Странно, как вдруг меня настигла безработица. Это когда в общем-то ты не против любой работы, но на все высланные резюме, письма – ноль эмоций, без ответа. Да, должно быть трудно объяснить обычному человеку почему после 7 лет работы в корпорациях – на платном телевидении, в нефтяной компании, в сфере финансов – почему вдруг фриланс, тчк, пробелы, и вот – с таким багажом за спиной согласна на любую работу… Все в наше время хотят подогнать под шаблон, всему хотят дать имена, никакой романтики в чистом виде, никакой импровизации. Если человек идет куда-то один с рюкзаком, спит на пляжах, работает в монастырях, ночует в гамаках и хижинах, – то обязательно надо выложить фото, выдать себя за героя, быть кем-то для кого-то. Боже, как это все мелко и ничтожно. Быть просто с Богом за одно, с дорогой – ни для кого-то, для того чтобы стать лучше, чище, мудрее, тоньше, сильнее. Ну может быть, в крайнем случае быть ходячим манифестом, этаким творцом свободного пространства вокруг себя. Если уходишь из корпораций во фриланс – то это «ааа, вы дауншифтер», если плаваешь с маской с рыбками – то это снорклинг, если с рюкзаком за спиной бредешь по дороге – бэкпекер, прогулка по джунглям – это оказывается трекинг. Нет больше героев. Мы живем во времена мрачного пи-ара, самовыпячивания, виртуального лже-величия. Где вы бродячие музыканты, сумасброды, авантюристы? Да, я всегда не дружила с куревом и алкоголем, да, я всегда хотела быть кем-то другим, родившись поэтом и музыкантом вдруг стала гнить в этих паршивых корпорациях – все ради папы. Потом он умер – умирал долго, тяжело, впервые пожалуй мне не больно об этом писать. Рана затянулась. Потребовалось столько исхоженных дорог, столько ночей под незнакомыми звездами, столько галлонов вина, столько молчания и слез. Столько одиночества. Да, я могу сказать, – я заслужила свое счастье. Вот сейчас здесь под этим осенним серым небом, безработная бродяга со сдаваемой в аренду квартирой в Москве, никого рядом, чистый горизонт. Лучи солнца сквозь тучи были сегодня просто монументальны. Город лежал как на ладони, подсвеченный закатом, ободки серых облаков и эти божественные лучи. Невозможно оторвать глаз от такой красоты. А еще уцененное македонское вино, на обратной стороне бутылки написано про сульфиты, а после первого глотка понимаешь, что похмелье гарантировано. И где-то в воздухе витает любовь. Я почти ловлю ее за краешек платья. Она во всем. И есть несколько людей, которым она также нужна, как и мне. Этой осенью. В этом городе.
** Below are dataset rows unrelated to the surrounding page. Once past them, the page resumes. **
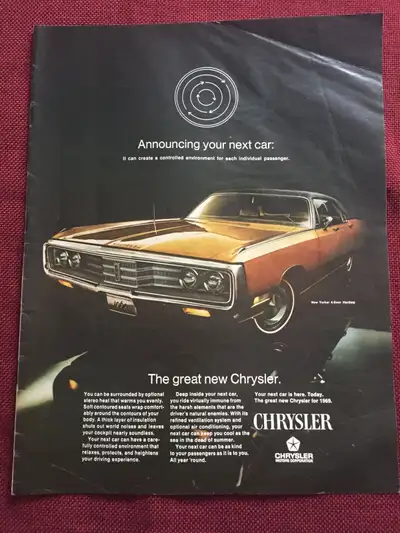 “Announcing your next car: it can create a controlled environment for each individual passenger. » D...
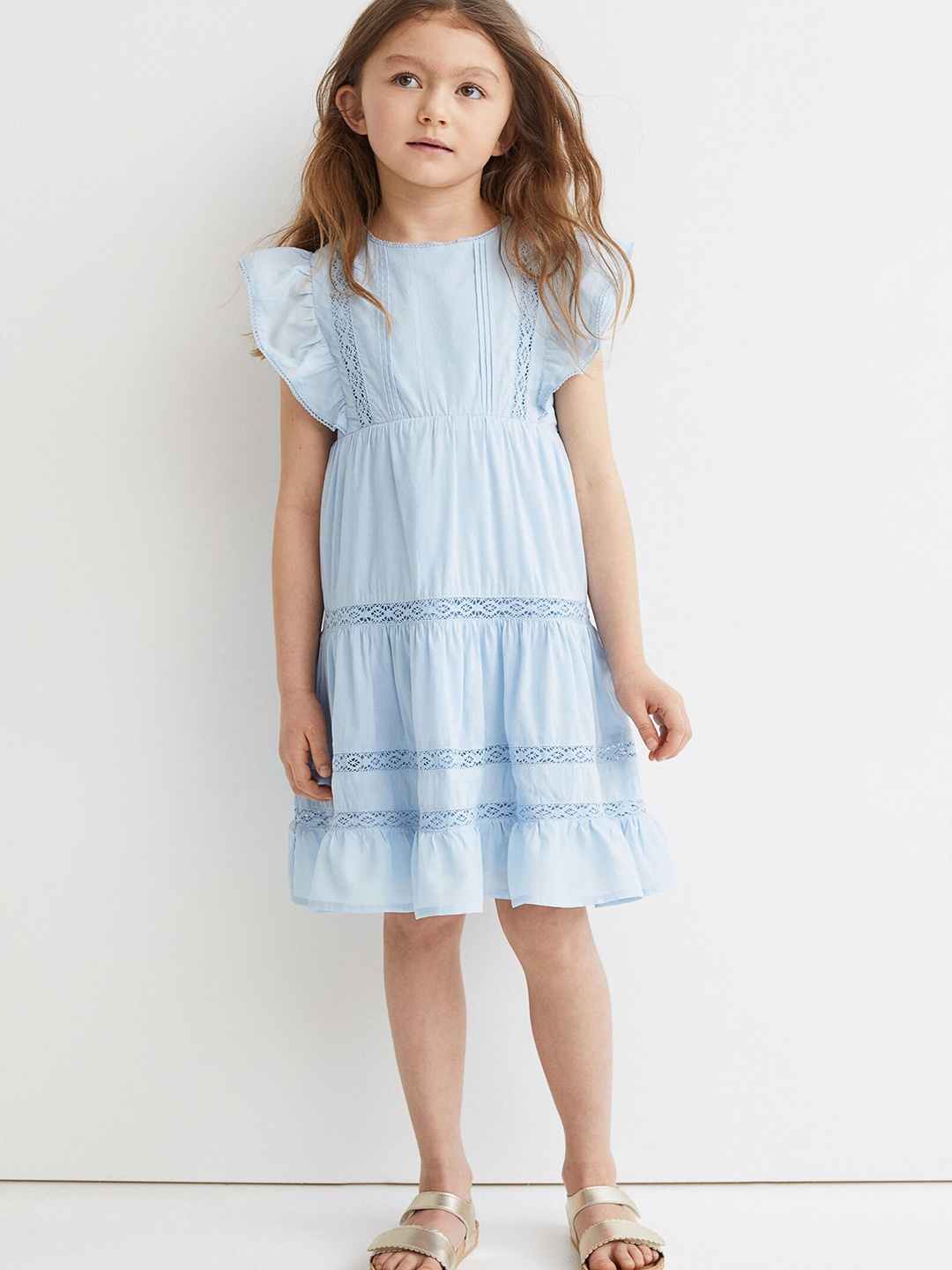 

H&M Girls Blue Flounced Lace-Detail Dress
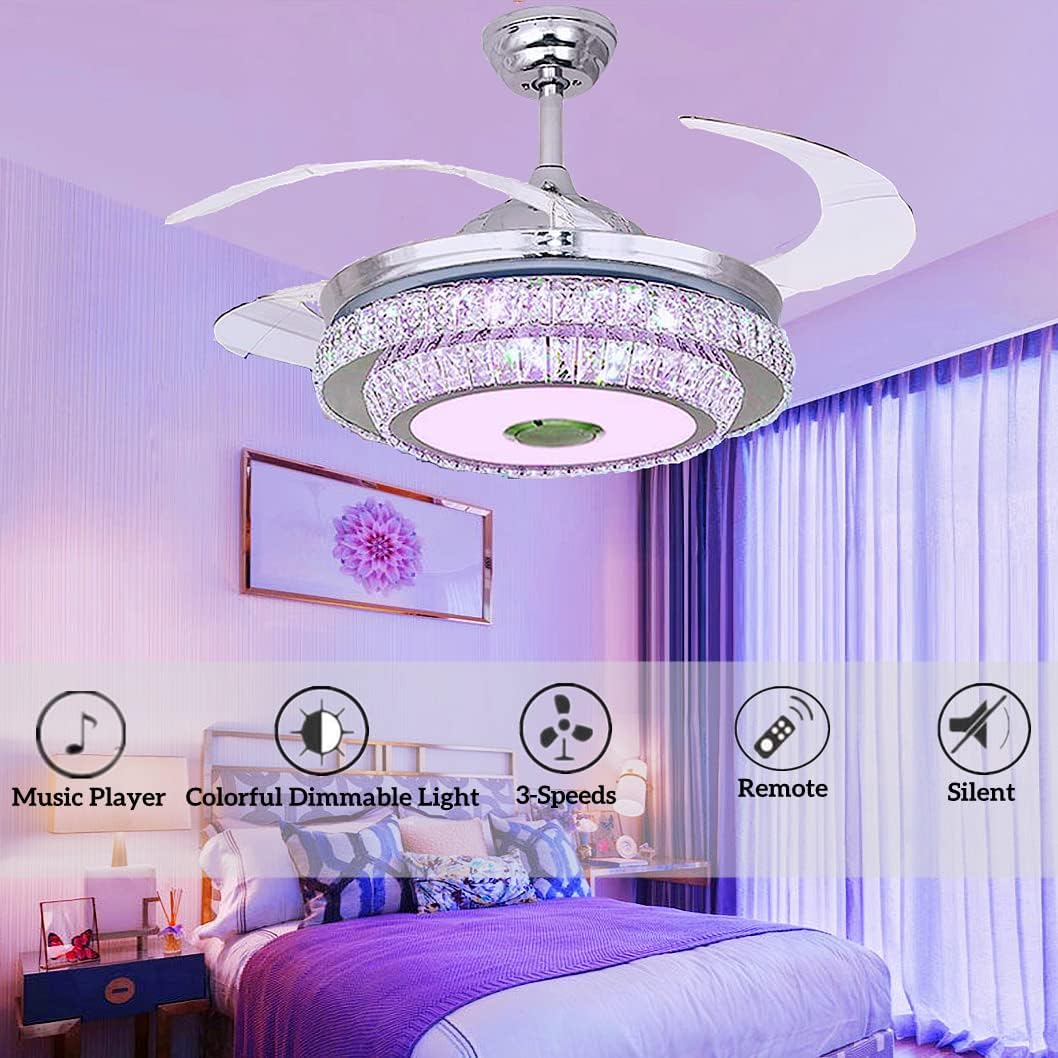 42in Bluetooth Ceiling Fan with Light and Remote, Retractable Blades Crystal Fandelier Music Player LED Chandelier with Bluetooth Speaker 7 Color Dimmable 3 Speeds Silent Fan Lighting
Скользящие лебеди вышли из берегов, гуляют вдоль трассы в поисках еды, а город поглощен серой мглой. Заретушированные башни, невнятное содержание, скользкие прогулки по лезвию ножа. Незавершенные – неначатые, зависшие в воздухе притяжения. Твердолобая упертость упавших сумерек и чьей-то не-любви. И во всем этом прорисовывается что-то такое ускользающее, до боли знакомое, прожитое, пережитое, увязнувшее в вечном ноябрьском межсезонье и давно забытом сне, в котором мы с тобой были вместе. Как же давно это было. Всегда ведь есть только одна любовь, все остальные повторяют ту, самую горькую, самую сладкую, почти первую. Почти навсегда. Главное досчитать до ста, каждая последующая сотня повторяет предыдущую. А теперь я смотрю вперед, прорубаю путь сквозь лед, раздуваю мглу и пепел. Придаю очерченность пути. Я двигаюсь вперед. Впереди гололед, пункты, причалы, опять корабли. Журчанье реки, устремленной к началу. Пожатие руки на прощанье. «Не бойся, смотри, не беги, иди. Спокойно иди к маяку.» Стою одна, у маяка, руки как крылья. Мы одни. Он светит. Сквозь тьму. Всегда.
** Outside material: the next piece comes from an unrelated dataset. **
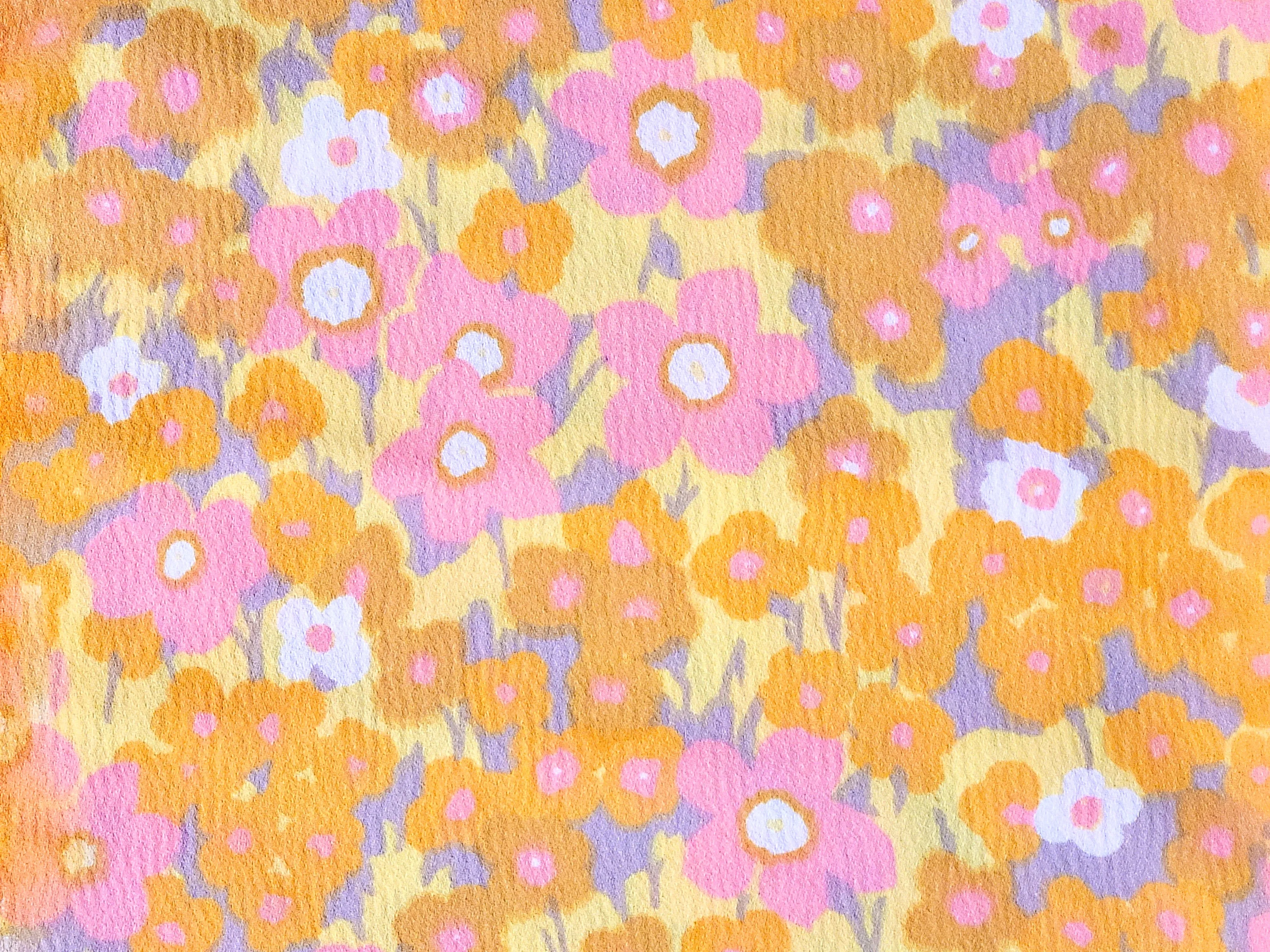 1960s 1970s Retro Fabric - Crepe Polyester - Floral - Yellow, Pink - Fabric Remnant - 6PCR50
Всегда хочется спасти умирающие ростки, вдохнуть жизнь в сонную ящерку, в замерзающую птичку, подать руку тому, у кого нет надежды. Влить радость в того, кто разучился радоваться, заставить поверить того, кто боится верить и смотрит в пол. Птичку жалко.

Да, это город птиц. Но не ангелов. Здесь довольно низко, далеко от горнего Иерусалима. Эти пустотные низины настраивают на физическую активность, совершенствование тела, потребительство и бытовую культуру. Здесь попахивает протестантскими ценностями труда и социального блага, Бог где-то далеко. А русская душа без Бога деградирует и гибнет, поэтому так много русских здесь за чертой, вне социума, протест, который приводит к гибели и саморазрушению.